[[ Data to examine open ]]

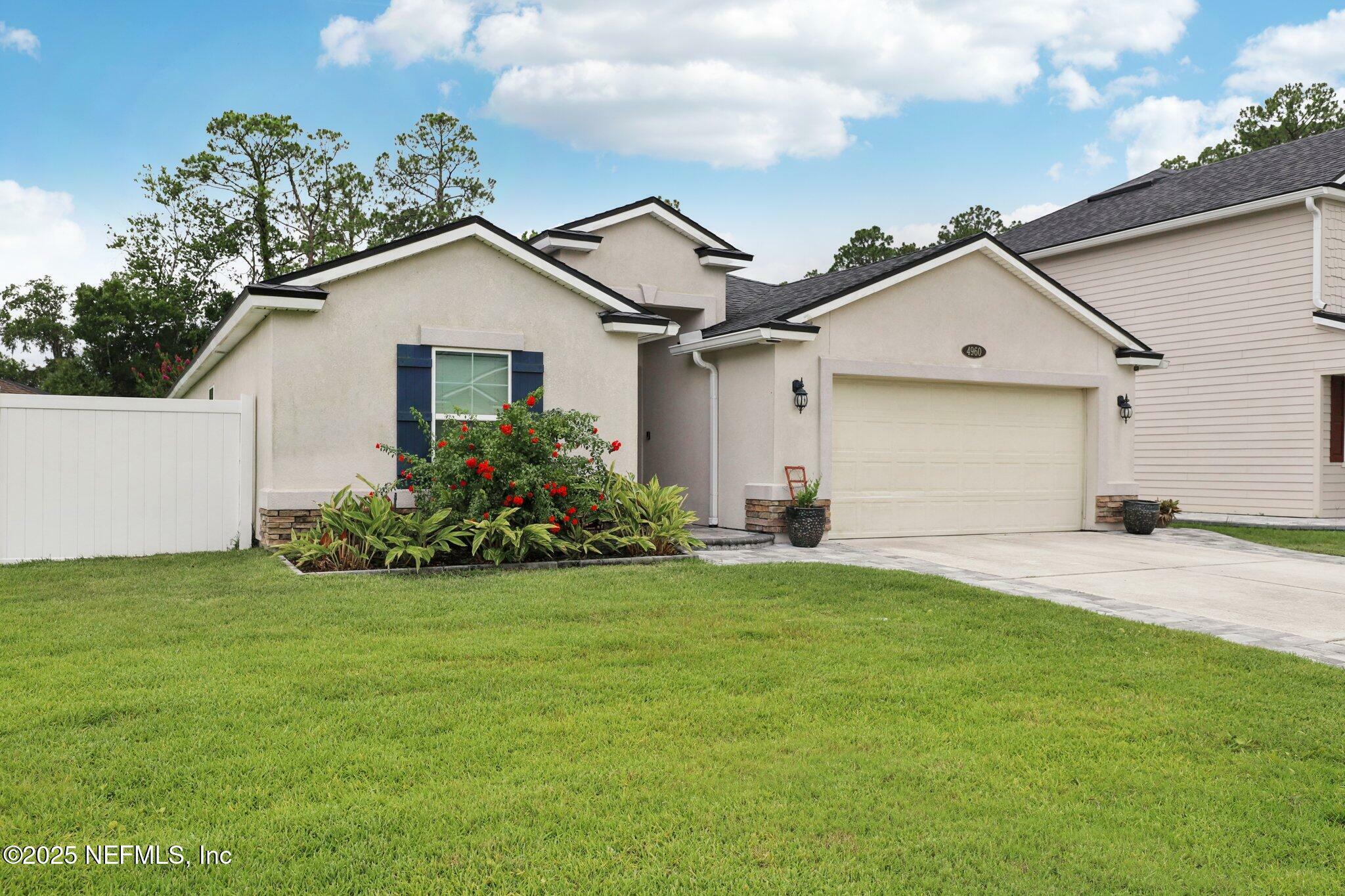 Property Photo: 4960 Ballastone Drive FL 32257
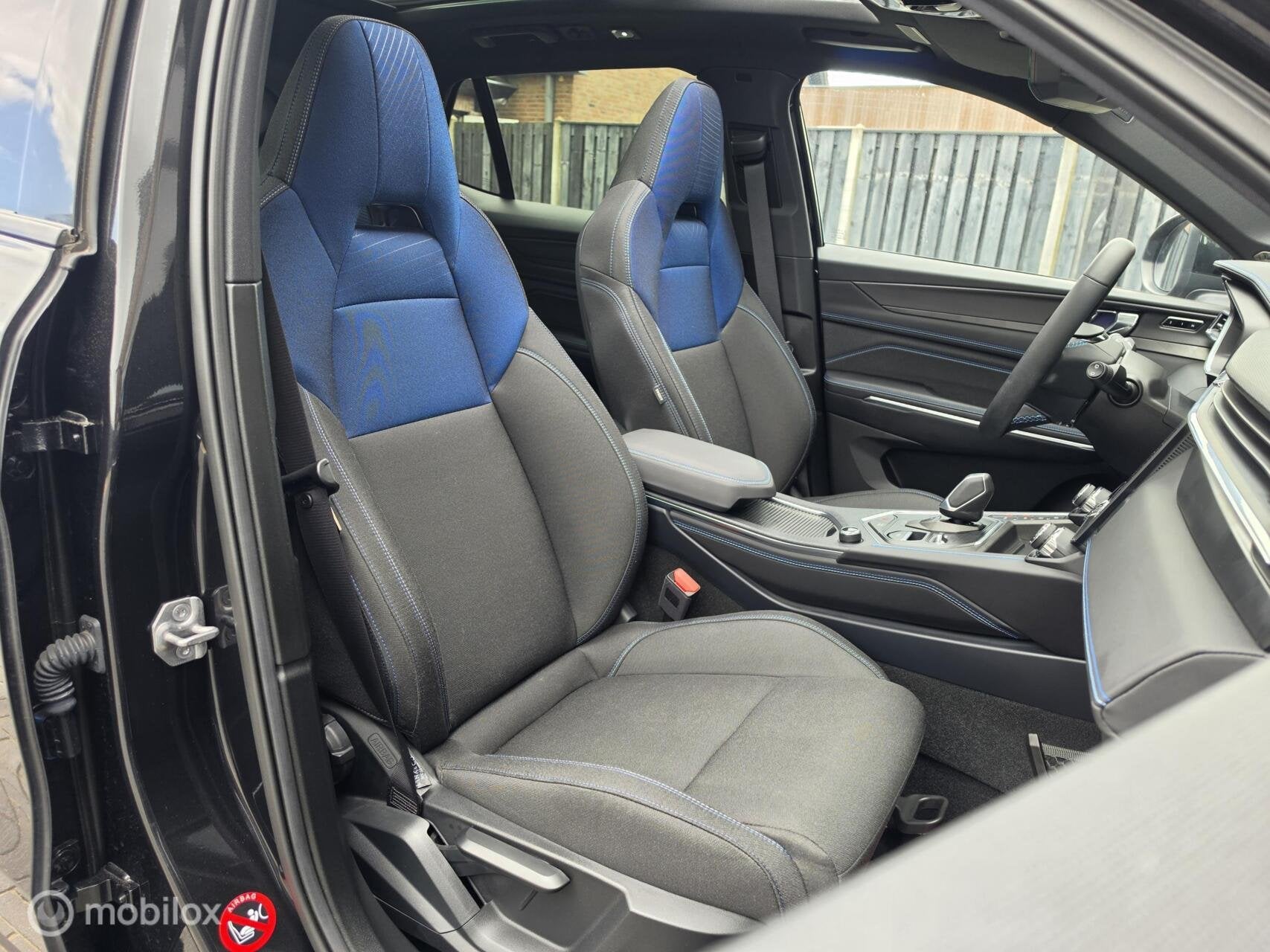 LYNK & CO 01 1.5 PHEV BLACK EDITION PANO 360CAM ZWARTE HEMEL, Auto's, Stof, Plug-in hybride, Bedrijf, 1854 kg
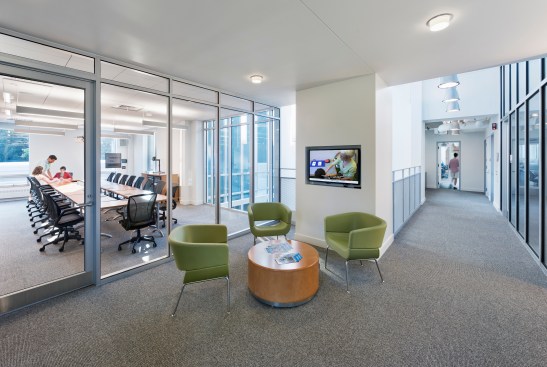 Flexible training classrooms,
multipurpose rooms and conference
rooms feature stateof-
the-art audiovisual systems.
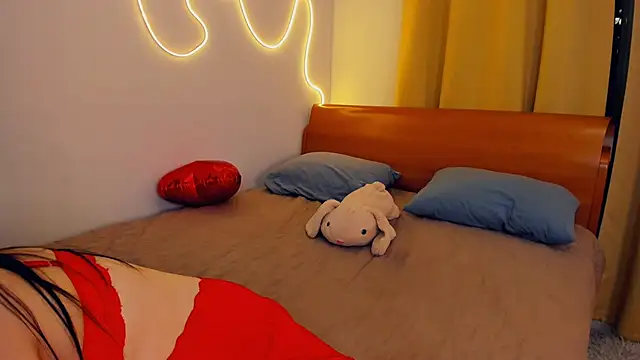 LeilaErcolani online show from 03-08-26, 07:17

[[ Data to examine closed ]]
[[ Data to examine open ]]

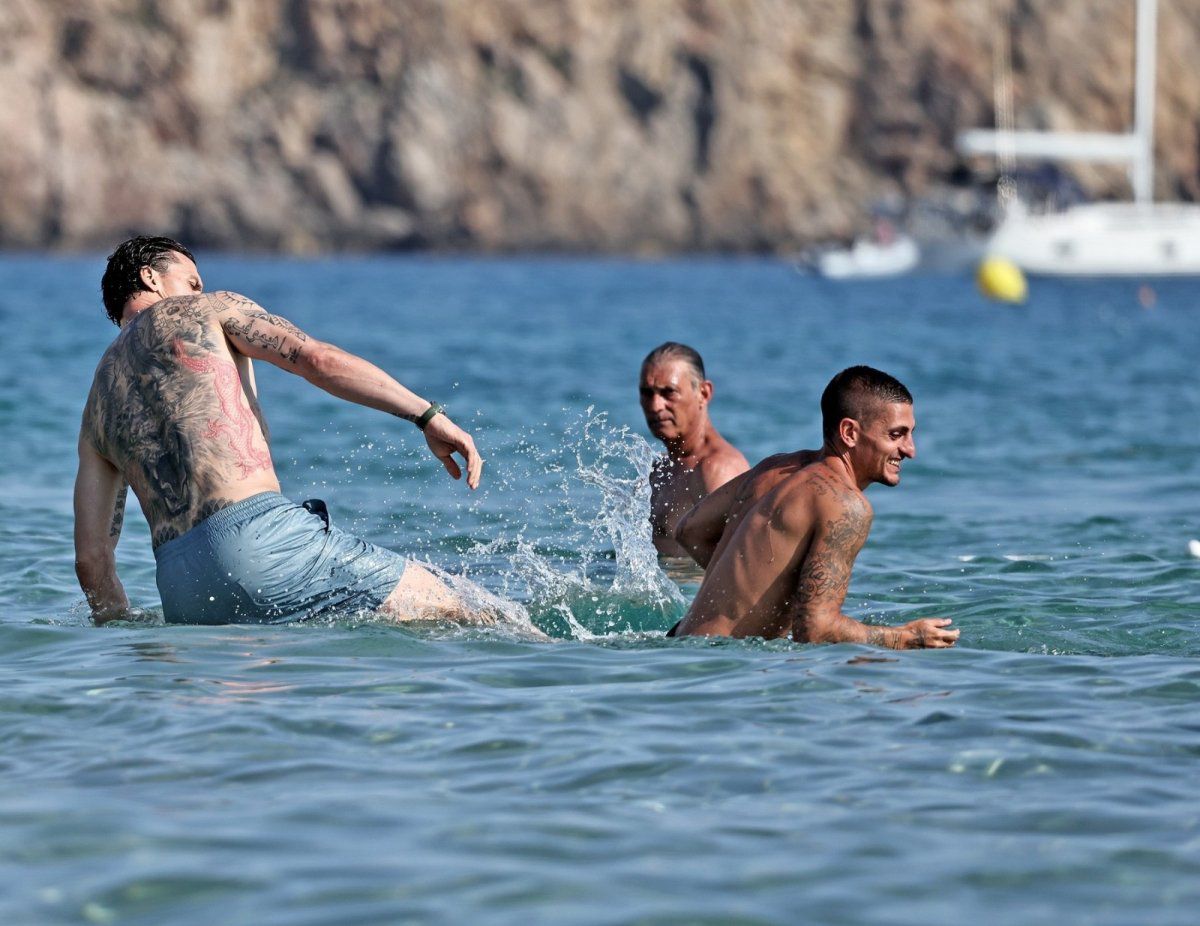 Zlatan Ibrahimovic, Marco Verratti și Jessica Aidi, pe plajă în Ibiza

[[ Data to examine closed ]]
[[ Data to examine open ]]

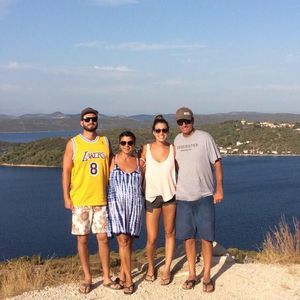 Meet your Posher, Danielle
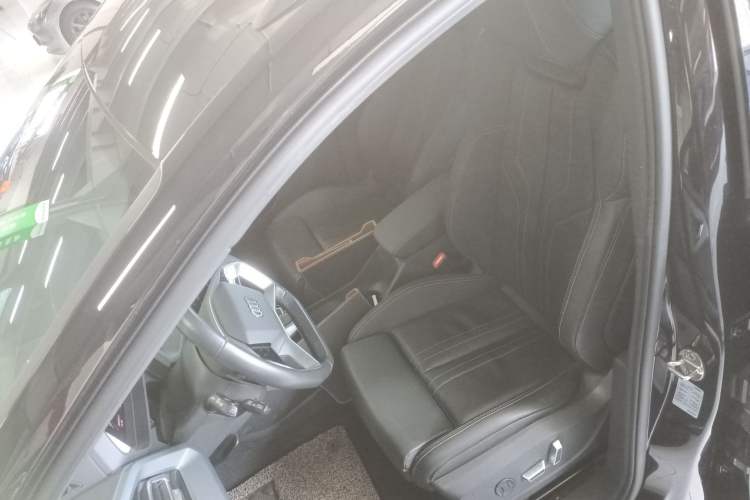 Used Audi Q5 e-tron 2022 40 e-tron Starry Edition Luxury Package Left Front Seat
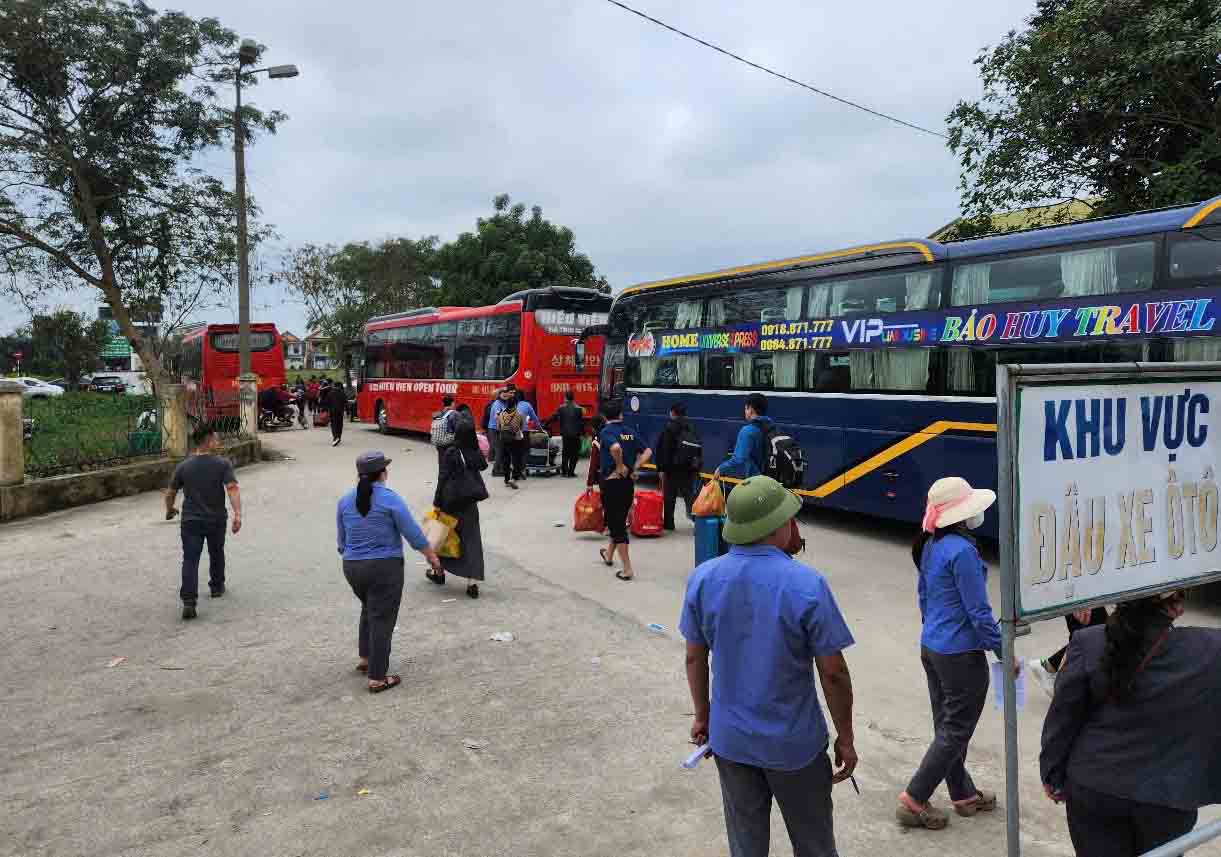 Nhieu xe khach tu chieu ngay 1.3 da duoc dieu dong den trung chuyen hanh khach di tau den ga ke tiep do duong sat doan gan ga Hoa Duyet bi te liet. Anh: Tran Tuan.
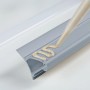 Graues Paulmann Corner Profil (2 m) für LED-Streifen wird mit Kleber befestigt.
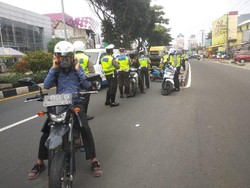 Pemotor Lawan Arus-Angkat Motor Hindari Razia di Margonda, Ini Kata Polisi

[[ Data to examine closed ]]

**Task prompt**. Find the line with "Property Photo: 4960" in the data above, and from there retype each line exactly through the line with "LeilaErcolani online show", skipping the pictures along the way.

**Reply to the exercise**.
 Property Photo: 4960 Ballastone Drive FL 32257
 LYNK & CO 01 1.5 PHEV BLACK EDITION PANO 360CAM ZWARTE HEMEL, Auto's, Stof, Plug-in hybride, Bedrijf, 1854 kg
 Flexible training classrooms,
multipurpose rooms and conference
rooms feature stateof-
the-art audiovisual systems.
 LeilaErcolani online show from 03-08-26, 07:17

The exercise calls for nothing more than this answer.